In [21]:
import pandas as pd
import numpy as np

products = pd.read_csv('amazon_baby.csv')
products = products.dropna()
products = products[products.rating != 3]

products.index = range(len(products))
products = products.loc[:9999]

def remove_punctuation(text):
    import string
    return text.translate(None, string.punctuation) 
products['review_clean'] = products.review.apply(remove_punctuation)

products['sentiment'] = products.rating.apply(lambda x: +1 if x>3 else -1)

import random
products_idx = range(len(products))
test_idx = random.sample(products_idx,len(products)/5)
train_idx = [i for i in products_idx if i not in test_idx]

test_data = products.loc[test_idx]
test_data.index  = range(len(test_data))

train_data = products.loc[train_idx]
train_data.index = range(len(train_data))

train_data = train_data.dropna()

# feature engineering and Models

## sentiment_mdoel based on countVectorizer

In [44]:
from sklearn.feature_extraction.text import CountVectorizer
vectorizer = CountVectorizer(token_pattern=r'\b\w+\b')
train_matrix = vectorizer.fit_transform(train_data.review_clean)
test_matrix = vectorizer.transform(test_data.review_clean)

In [63]:
from sklearn.linear_model import LogisticRegression
sentiment_model= LogisticRegression()
sentiment_model.fit(train_matrix,train_data['sentiment'])

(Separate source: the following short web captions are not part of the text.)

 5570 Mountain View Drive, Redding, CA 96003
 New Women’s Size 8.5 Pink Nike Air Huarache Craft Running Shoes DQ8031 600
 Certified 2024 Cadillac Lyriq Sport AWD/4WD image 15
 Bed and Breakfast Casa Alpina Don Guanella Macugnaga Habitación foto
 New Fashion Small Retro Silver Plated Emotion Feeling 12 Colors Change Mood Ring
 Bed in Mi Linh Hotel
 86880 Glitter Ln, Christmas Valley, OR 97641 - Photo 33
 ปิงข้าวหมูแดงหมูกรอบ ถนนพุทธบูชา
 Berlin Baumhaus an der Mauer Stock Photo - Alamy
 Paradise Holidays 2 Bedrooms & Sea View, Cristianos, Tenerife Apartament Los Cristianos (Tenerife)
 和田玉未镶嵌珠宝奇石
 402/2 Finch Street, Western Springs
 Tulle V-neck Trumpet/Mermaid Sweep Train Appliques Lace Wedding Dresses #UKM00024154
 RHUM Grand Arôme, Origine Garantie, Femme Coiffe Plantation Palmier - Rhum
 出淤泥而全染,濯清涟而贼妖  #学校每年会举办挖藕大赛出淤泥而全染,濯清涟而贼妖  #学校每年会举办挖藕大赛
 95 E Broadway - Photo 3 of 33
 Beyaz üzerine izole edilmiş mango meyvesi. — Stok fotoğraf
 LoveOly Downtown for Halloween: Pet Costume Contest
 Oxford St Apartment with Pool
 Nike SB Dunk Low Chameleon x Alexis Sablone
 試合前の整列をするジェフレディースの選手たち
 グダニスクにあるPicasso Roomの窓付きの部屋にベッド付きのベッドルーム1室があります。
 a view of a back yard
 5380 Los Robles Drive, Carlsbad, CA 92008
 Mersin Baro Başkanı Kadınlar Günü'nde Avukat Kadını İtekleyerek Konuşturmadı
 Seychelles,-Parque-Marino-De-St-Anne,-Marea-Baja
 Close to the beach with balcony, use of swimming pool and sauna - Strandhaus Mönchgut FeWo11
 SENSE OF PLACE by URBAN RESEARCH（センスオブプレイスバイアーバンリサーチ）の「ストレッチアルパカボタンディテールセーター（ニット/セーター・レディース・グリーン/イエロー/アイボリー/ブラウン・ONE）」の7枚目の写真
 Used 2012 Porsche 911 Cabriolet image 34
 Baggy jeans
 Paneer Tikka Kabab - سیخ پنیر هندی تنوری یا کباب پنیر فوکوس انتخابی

LogisticRegression(C=1.0, class_weight=None, dual=False, fit_intercept=True,
          intercept_scaling=1, max_iter=100, multi_class='ovr', n_jobs=1,
          penalty='l2', random_state=None, solver='liblinear', tol=0.0001,
          verbose=0, warm_start=False)

In [65]:
sentiment_model.score(train_matrix,train_data['sentiment'])
#E_in

0.995

In [72]:
np.round(sentiment_model.score(test_matrix,test_data['sentiment']),2)
#E_out

0.89000000000000001

## simple model based on significant_words

In [74]:
significant_words = ['love', 'great', 'easy', 'old', 'little', 'perfect', 'loves', 
      'well', 'able', 'car', 'broke', 'less', 'even', 'waste', 'disappointed', 
      'work', 'product', 'money', 'would', 'return']
vectorizer_word_subset = CountVectorizer(vocabulary=significant_words) # limit to 20 words
train_matrix_word_subset = vectorizer_word_subset.fit_transform(train_data['review_clean'])
test_matrix_word_subset = vectorizer_word_subset.transform(test_data['review_clean'])

In [81]:
simple_model = LogisticRegression()
simple_model.fit(train_matrix_word_subset,train_data['sentiment'])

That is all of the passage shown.